What you are asked to do: Skip every picture. Print each line from the one containing "36 X 48 Vertical" through the end of the records below, word for word.

[Collected data]
____________

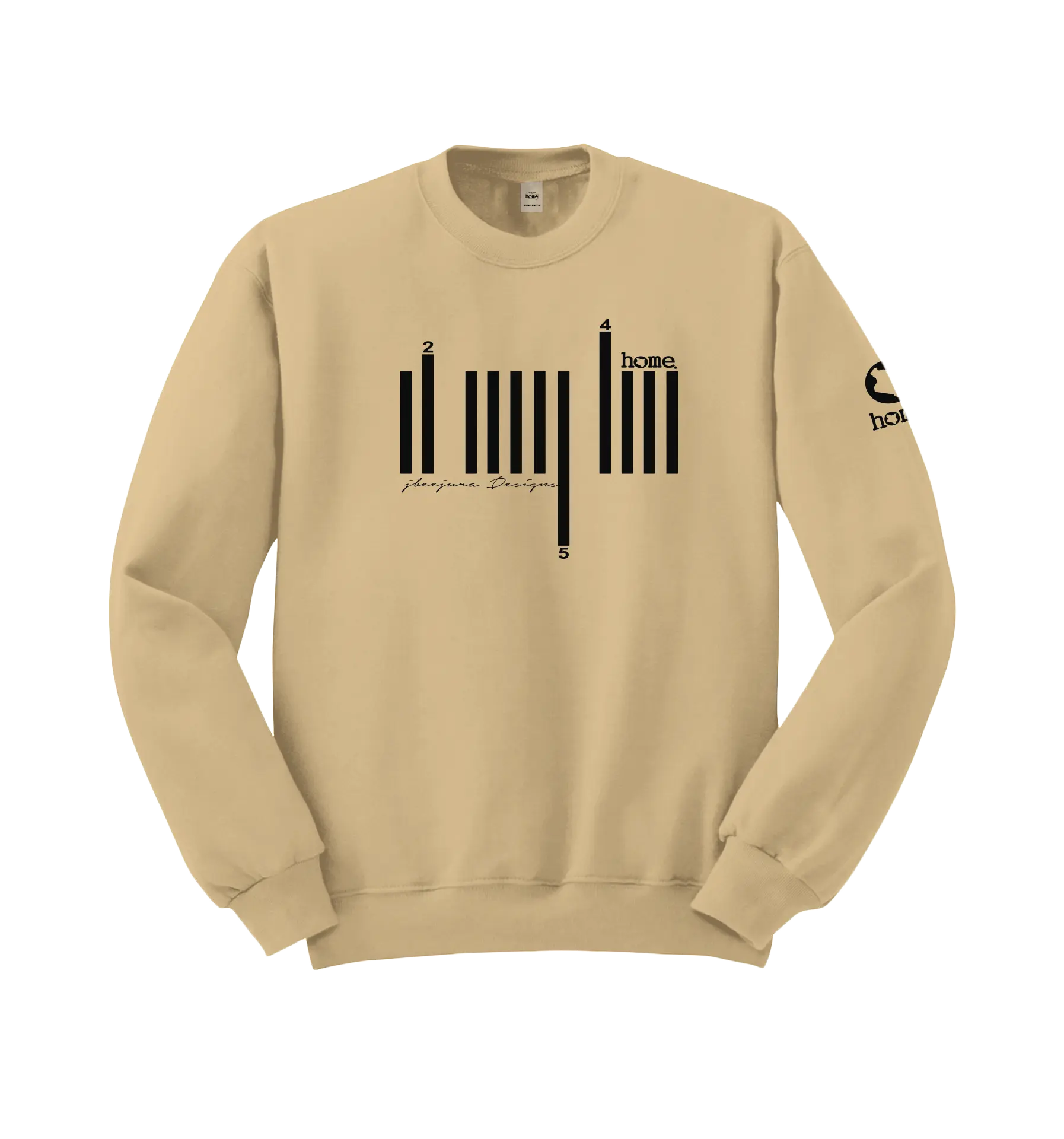 home_254 LIGHT BROWN SWEATSHIRT (MID-HEAVY FABRIC) WITH A BLACK BARS PRINT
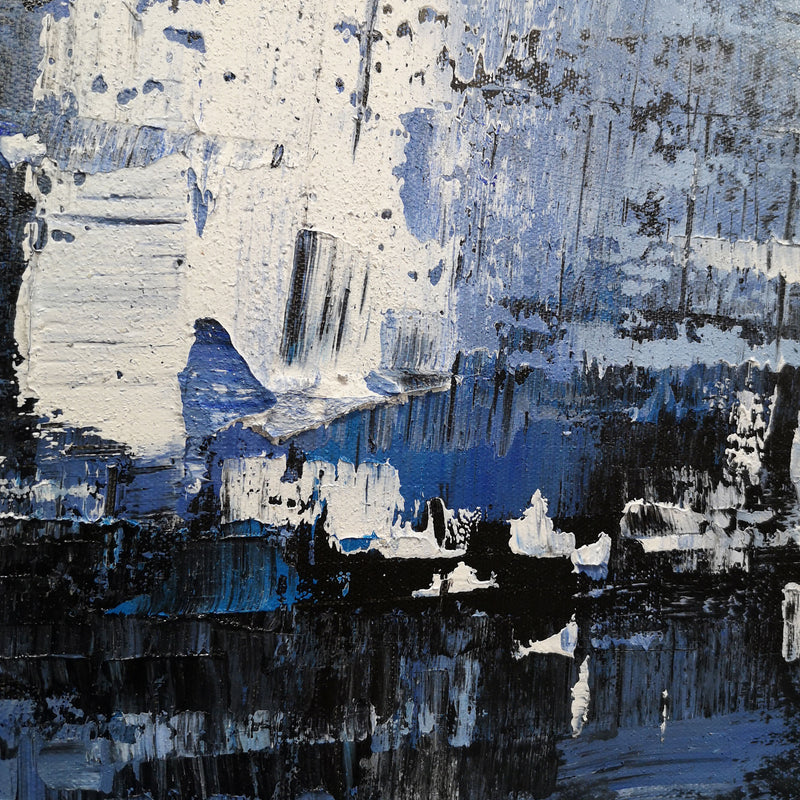 36 X 48 Vertical Blue Paintings For Bedroom Original Abstract Art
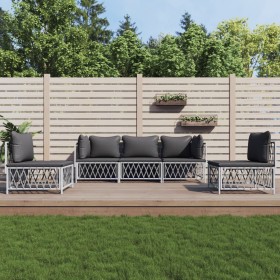 5-piece garden furniture set with white steel cushions by vidaXL, Garden sets - Ref: Foro24-3186838, Price: 384,44 €, Discoun...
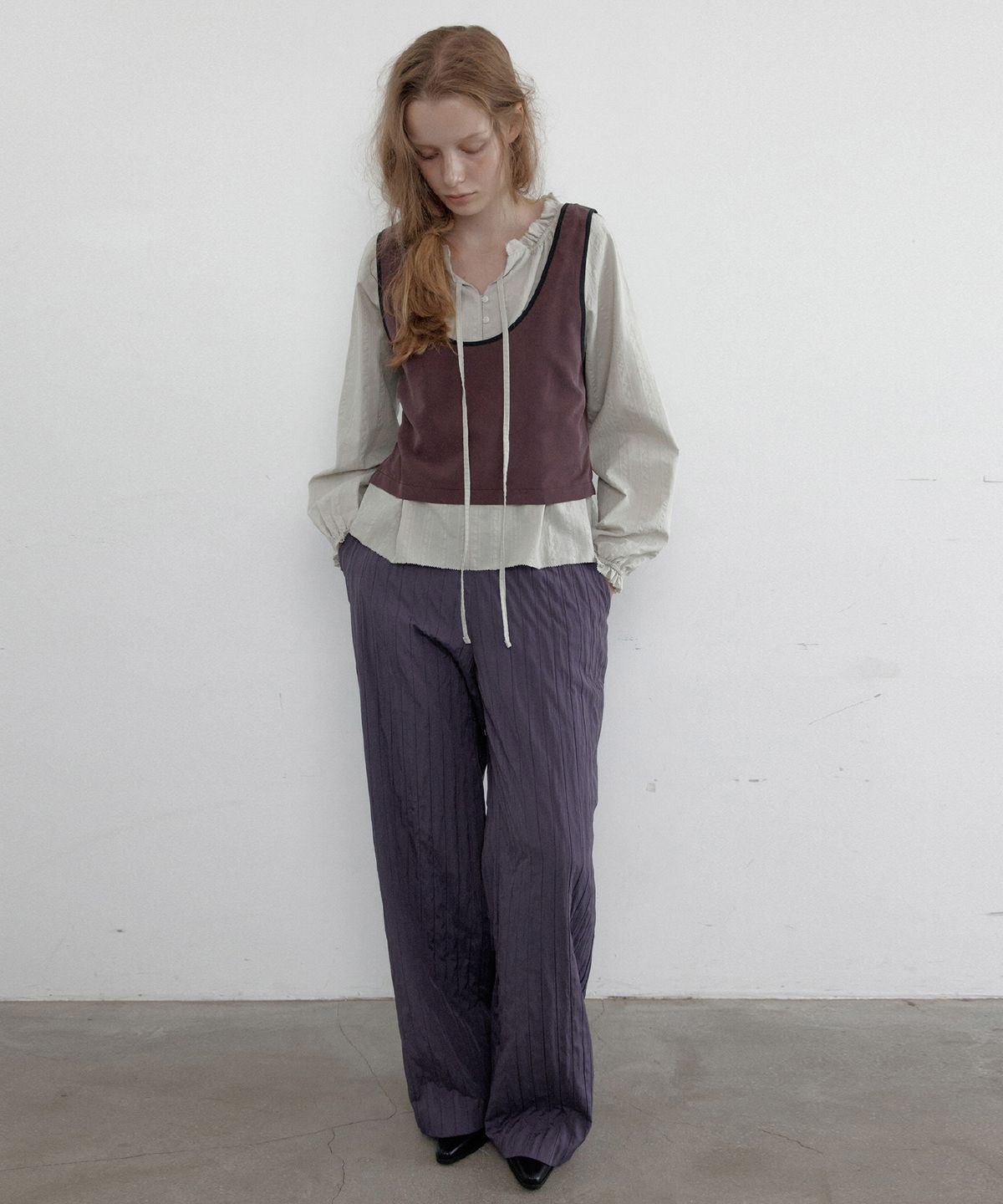 토아베(TOAVE) Cupro Contrast Bustier Top (Purple)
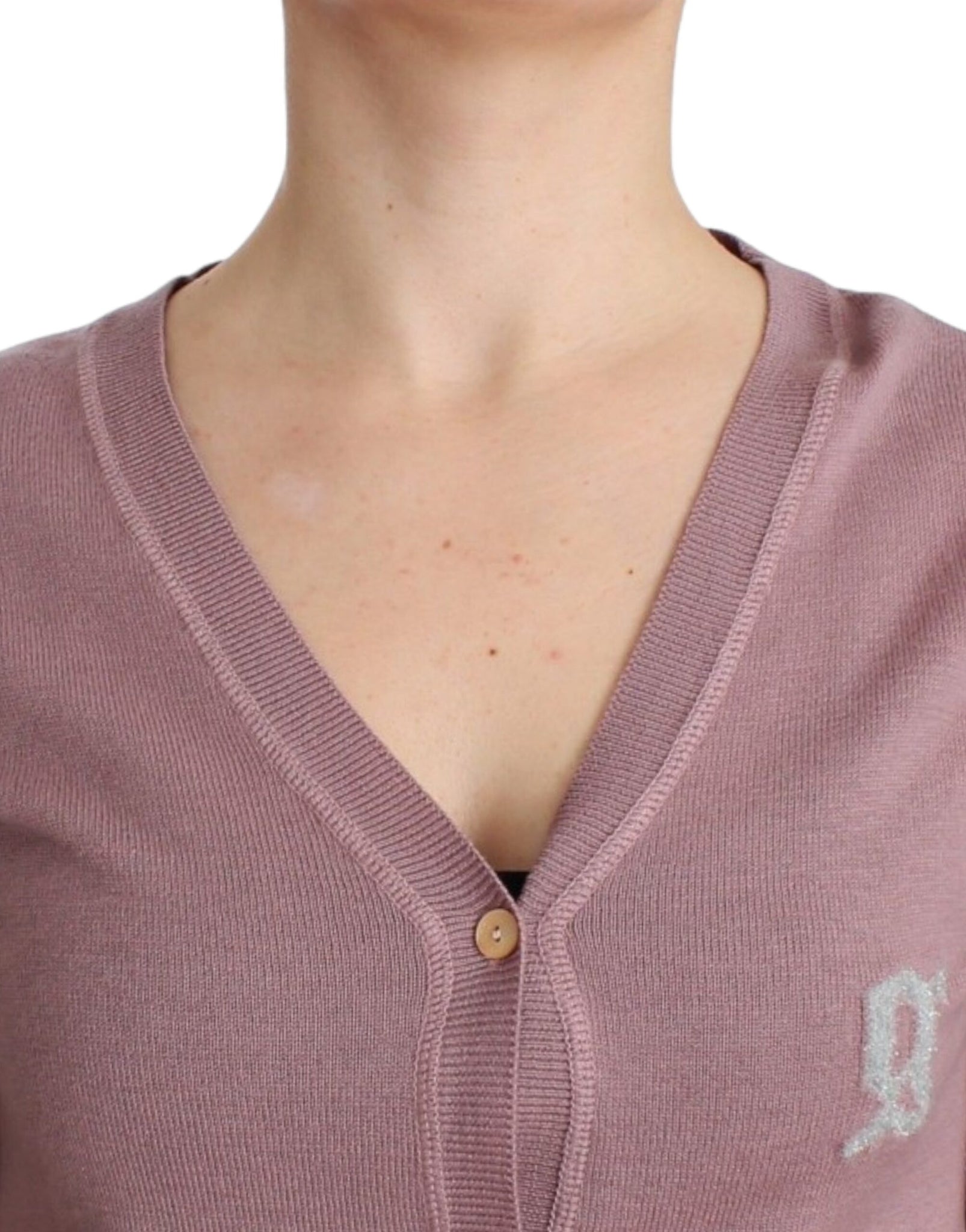 Purple v-neck wool cardigan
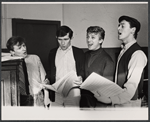 Norman Allen, Will MacKenzie, Tommy Steele, and Grover Dale in rehearsal for the stage production Half a Sixpence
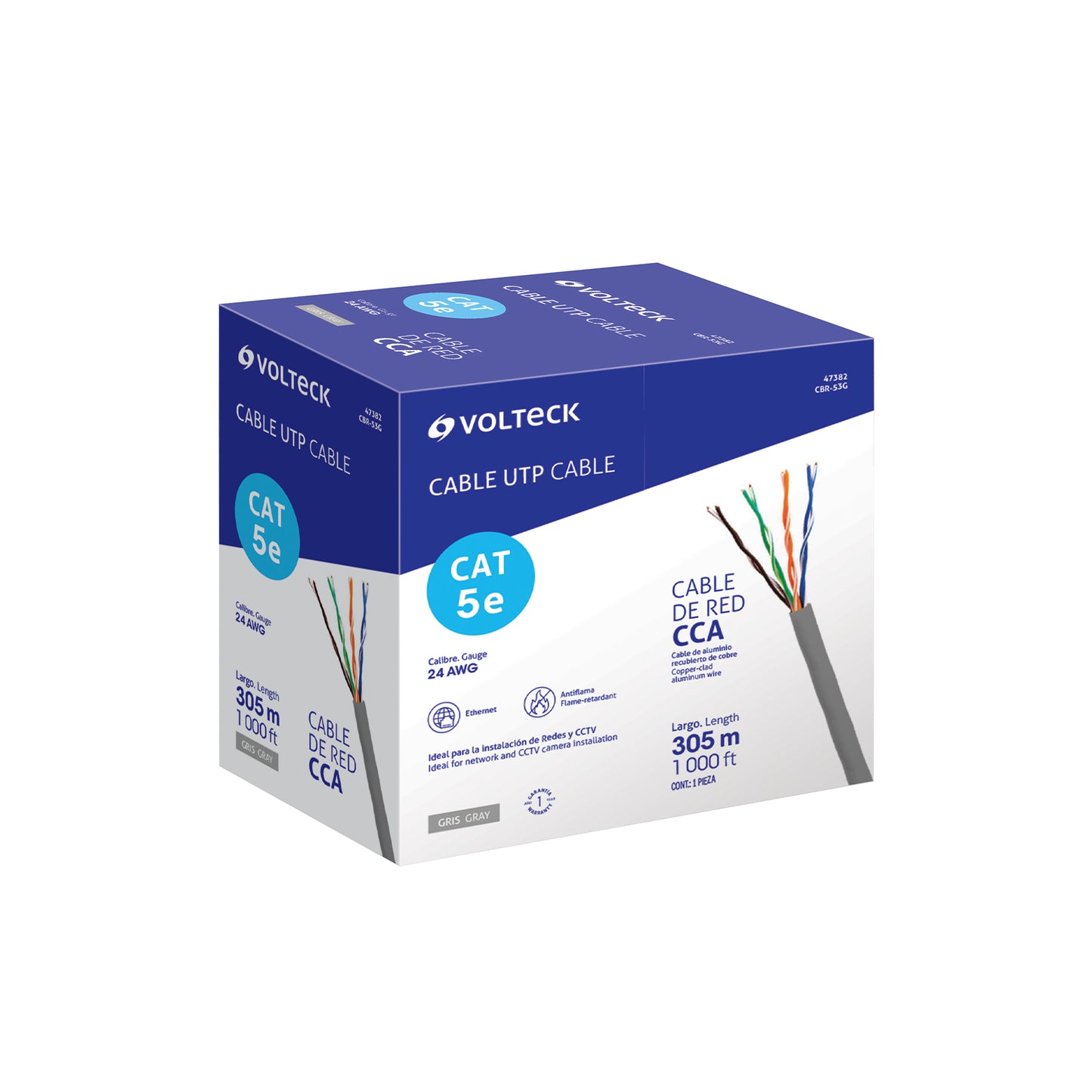 Metro de cable UTP CAT5E, Bobina de 305m, gris, VOLTECK | CBR-53G | 47382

____________

Completed exercise:
 36 X 48 Vertical Blue Paintings For Bedroom Original Abstract Art
 5-piece garden furniture set with white steel cushions by vidaXL, Garden sets - Ref: Foro24-3186838, Price: 384,44 €, Discoun...
 토아베(TOAVE) Cupro Contrast Bustier Top (Purple)
 Purple v-neck wool cardigan
 Norman Allen, Will MacKenzie, Tommy Steele, and Grover Dale in rehearsal for the stage production Half a Sixpence
 Metro de cable UTP CAT5E, Bobina de 305m, gris, VOLTECK | CBR-53G | 47382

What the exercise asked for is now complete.